For security reasons, we store the GitLab registration token in a Kubernetes Secret – never in our source code. For additional security, we recommend encrypting Secrets using an AWS Key Management Service (AWS KMS) key that you supply by specifying the encryption configuration when you create your Amazon EKS cluster. It’s a good practice to restrict access to this Secret via Kubernetes RBAC rules.

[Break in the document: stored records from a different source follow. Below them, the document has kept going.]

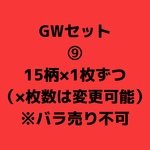 GW15柄セット⑨  人物ステッカー　コラージュ素材　まとめ売り
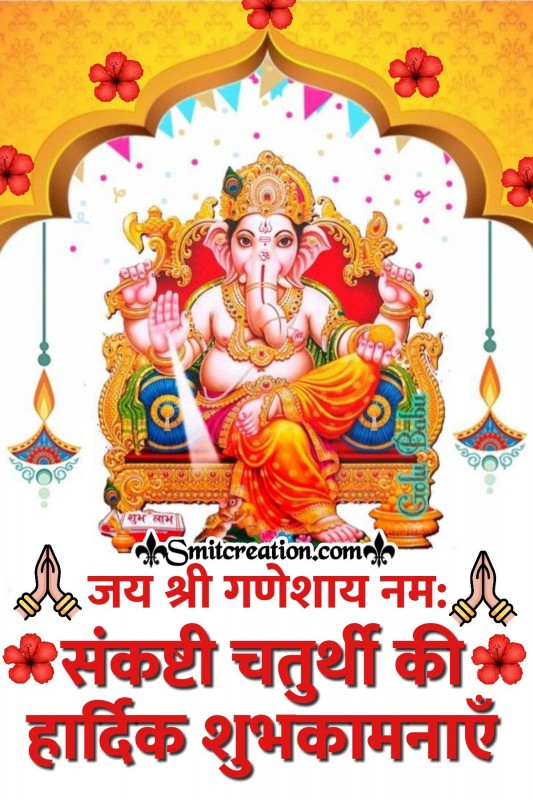 Sankashti Chaturthi Hardik Shubhkamnaaye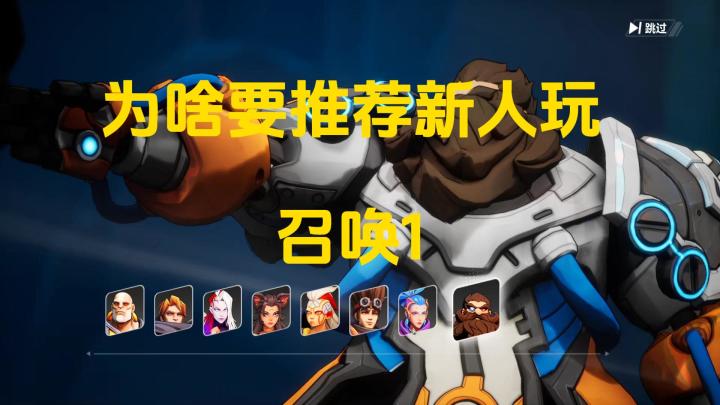 推荐萌新入坑首选召唤1的原因!截图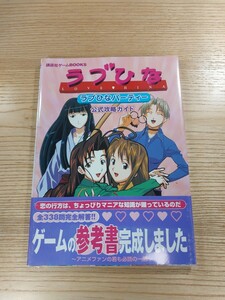 【D1039】送料無料 書籍 ラブひなパーティ 公式攻略ガイド ( 帯 GBC 攻略本 空と鈴 )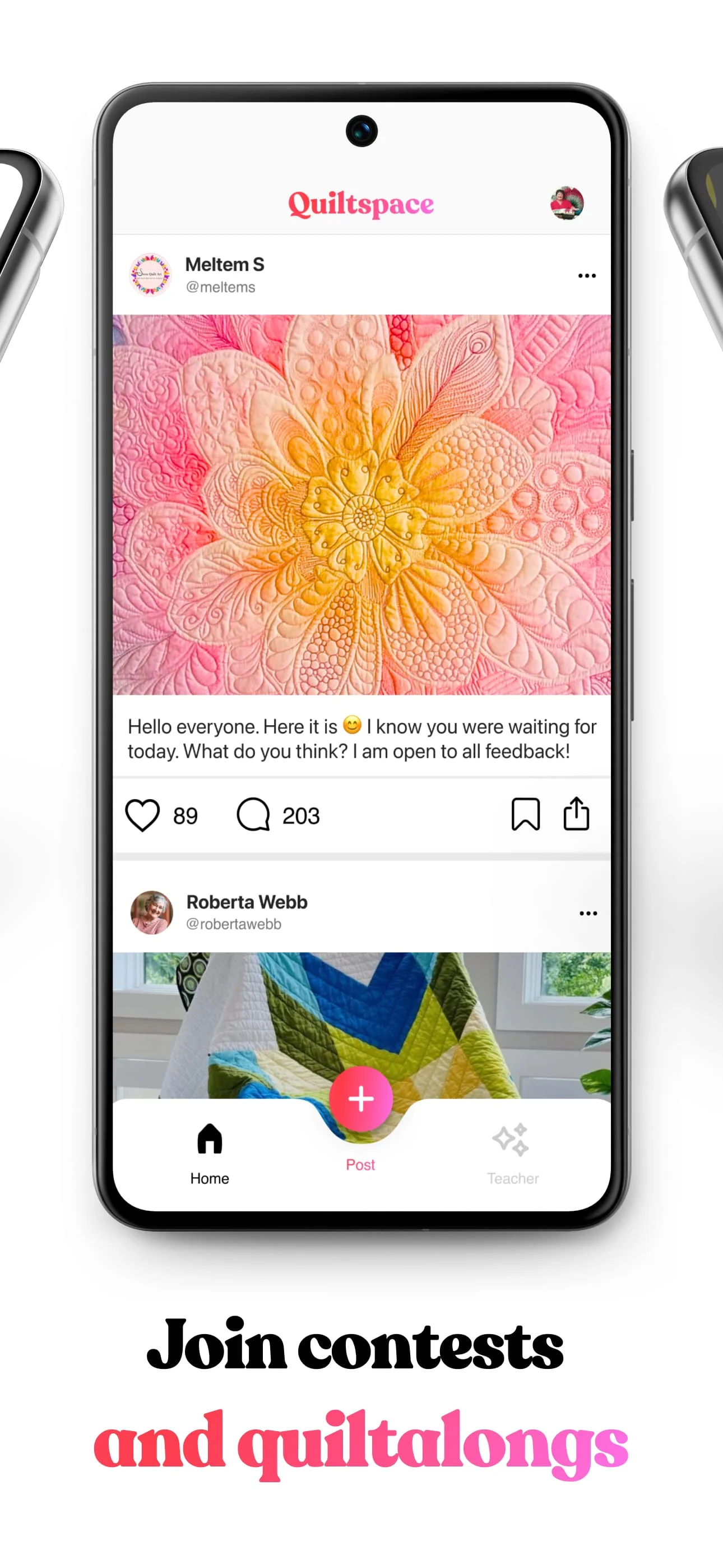Quiltspace Screenshot 3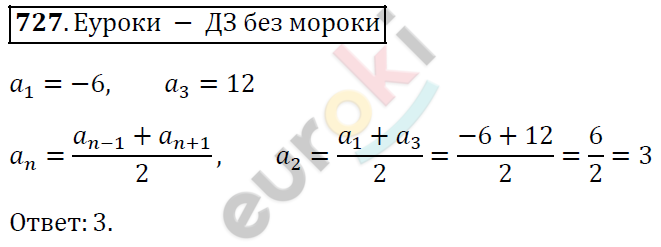 Алгебра 9 класс. ФГОС Мерзляк, Полонский, Якир Задание 727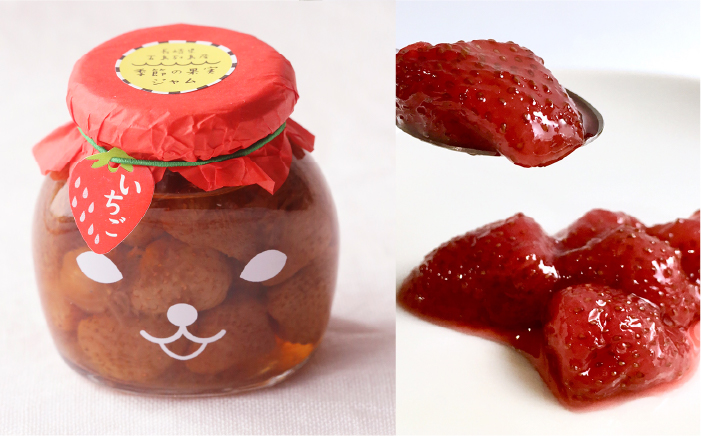 五島のジャム (雲) 五島市/びんづめ専門店くまごろう [PAN002]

To create the Secret, run the following command:

# These two values must match the parameters supplied to the GitLabRunner constructor
NAMESPACE=gitlab
SECRET_NAME=gitlab-runner-secret
# The value of the registration token.
TOKEN=GRxxxxxxxxxxxxxxxxxxxxxx

kubectl -n $NAMESPACE create secret generic $SECRET_NAME \
        --from-literal="runner-registration-token=$TOKEN" \
        --from-literal="runner-token="

Building a multi-architecture container image

Now that we’ve launched our GitLab runners and configured the executors, we can build and test a simple multi-architecture container image. If the tests pass, we can then upload it to our project’s GitLab container registry. Our application will be pretty simple: we’ll create a web server in Go that simply prints out “Hello World” and prints out the current architecture.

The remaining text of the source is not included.